Der eigentliche Kern des Problems liegt m.E. in der zunehmenden Technisierung unserer Welt. So wird heutzutage der kurzfristige Handel in Kreditinstituten von Computern durchgeführt und nicht mehr von Menschen. Dies führt zwar zu einer effizienten 24/7 Handelsaktivität, welche auch sekundenschnell vollzogen werden kann, jedoch fehlt die Menschliche Einschätzung. Es darf nicht vergessen werden, dass die Märkte von Menschen gemacht sind und somit auch gewissen „Gefühlsentscheidungen“ unterliegen. Ein Computer hingegen fällt seine Entscheidung ohne Gefühle wenn ein Kaufsignal da ist kauft er und umgekehrt, obwohl der Menschenverstand sagt es ist eine kurzfristige Marktentwicklung.
Wohin diese Entwicklung geführt hat machte das Jahr 2007 auf schmerzliche weise deutlich. Mehrere Negativmeldungen (u. a. AIG und Lehman-Pleite) resultierten in massiven Kursverlusten aller Werte. Für einen „menschlichen“ Händler wäre der Grund schnell klar gewesen, ein Computer hingegen sah aufgrund seiner Programmierung „ Verkaufssignale “. Da ein Computer nun in der Lage ist in Millisekunden große Operationen (auch Transaktionen) durchzuführen, verursachte die schiere Masse an Computertransaktionen einen Kaskadeneffekt nach unten. Dieser Kaskadeneffekt war so stark, dass selbst „gesunde“ Unternehmen in eine gefährliche Schieflage gerieten.

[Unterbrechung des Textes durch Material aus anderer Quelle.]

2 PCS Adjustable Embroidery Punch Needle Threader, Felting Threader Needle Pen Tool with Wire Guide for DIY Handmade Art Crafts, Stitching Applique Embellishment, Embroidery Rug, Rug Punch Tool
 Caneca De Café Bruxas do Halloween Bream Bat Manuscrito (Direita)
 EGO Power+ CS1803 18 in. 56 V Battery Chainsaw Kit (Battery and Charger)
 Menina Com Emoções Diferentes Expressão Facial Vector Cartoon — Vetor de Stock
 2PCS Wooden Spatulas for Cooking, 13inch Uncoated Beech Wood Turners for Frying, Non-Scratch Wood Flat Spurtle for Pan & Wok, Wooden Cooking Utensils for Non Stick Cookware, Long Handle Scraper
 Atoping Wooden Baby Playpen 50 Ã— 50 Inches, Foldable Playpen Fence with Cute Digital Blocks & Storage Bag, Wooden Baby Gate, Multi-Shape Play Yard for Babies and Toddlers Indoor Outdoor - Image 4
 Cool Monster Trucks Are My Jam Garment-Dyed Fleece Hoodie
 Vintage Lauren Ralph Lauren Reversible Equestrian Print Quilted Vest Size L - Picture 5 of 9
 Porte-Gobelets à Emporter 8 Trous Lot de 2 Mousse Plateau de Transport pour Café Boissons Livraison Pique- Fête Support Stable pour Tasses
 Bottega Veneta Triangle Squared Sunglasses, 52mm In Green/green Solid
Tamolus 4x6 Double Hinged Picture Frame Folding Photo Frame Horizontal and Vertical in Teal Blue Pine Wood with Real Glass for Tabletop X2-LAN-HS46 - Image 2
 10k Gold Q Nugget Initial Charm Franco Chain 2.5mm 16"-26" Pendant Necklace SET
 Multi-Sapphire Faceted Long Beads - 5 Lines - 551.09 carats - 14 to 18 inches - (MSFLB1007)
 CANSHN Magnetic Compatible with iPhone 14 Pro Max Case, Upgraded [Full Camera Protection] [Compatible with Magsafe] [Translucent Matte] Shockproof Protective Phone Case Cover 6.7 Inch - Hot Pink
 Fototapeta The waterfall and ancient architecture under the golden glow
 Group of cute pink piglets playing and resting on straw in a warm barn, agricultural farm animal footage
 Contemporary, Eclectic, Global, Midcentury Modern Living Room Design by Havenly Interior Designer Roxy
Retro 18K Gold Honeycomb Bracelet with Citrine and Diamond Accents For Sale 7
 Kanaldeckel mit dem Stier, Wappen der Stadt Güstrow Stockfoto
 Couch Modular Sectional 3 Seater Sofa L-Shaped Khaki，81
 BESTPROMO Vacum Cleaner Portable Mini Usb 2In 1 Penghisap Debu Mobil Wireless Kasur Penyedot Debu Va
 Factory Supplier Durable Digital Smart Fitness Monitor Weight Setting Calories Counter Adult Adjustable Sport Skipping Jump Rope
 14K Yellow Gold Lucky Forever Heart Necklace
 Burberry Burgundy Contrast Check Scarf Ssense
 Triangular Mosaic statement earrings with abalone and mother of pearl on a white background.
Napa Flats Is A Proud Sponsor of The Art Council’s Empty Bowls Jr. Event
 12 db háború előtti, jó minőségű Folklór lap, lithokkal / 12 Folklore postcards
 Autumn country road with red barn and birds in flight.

Fazit des Ganzen ist, eine Finanzmarkttransaktionssteuer macht Sinn, wenn sie so gering gewählt ist, dass sich der Computerhandel (sekundenschneller Handel) nicht mehr lohnt bzw. ein Mensch das Geschäft genauso effizient durchführen kann. Eine weitere Voraussetzung ist, dass alle großen Industrieländer und Märkte, wie Japan, USA, BRIC-Staaten „mitmachen“. Der europäische Alleingang kann maximal der Anfang sein, sollten die Europäer Einzelgänger bleiben ist diese Sache zum Scheitern verurteilt. Der Grund ist relativ einfach erläutert zum Einen würde es keinen Druck auf die „Offshore-Märkte“ machen und es ebenfalls umzusetzen und zum Anderen würde es zu Kapitalumleitungen kommen. Denn die Anleger werden ihr Geld relativ schnell in die Länder bringen, in denen sie die Steuer nicht entrichten müssen. Dieses Umgeleitete Kapital würde dann in Europa zu einer Verschärfung der wirtschaftlichen Situation führen. Die dritte und letzte Bedingung ist, die Steuer muss so gewählt sein, dass sie den kurzfristigen Börsenhandel nicht zum Erliegen bringt, weil sich der kurzfristige Handel nicht mehr lohnt. Hinsichtlich der Höhe würde m.E. eine weltweite Transaktionssteuer von max. 0,1% eine gute Diskussionsgrundlage darstellen.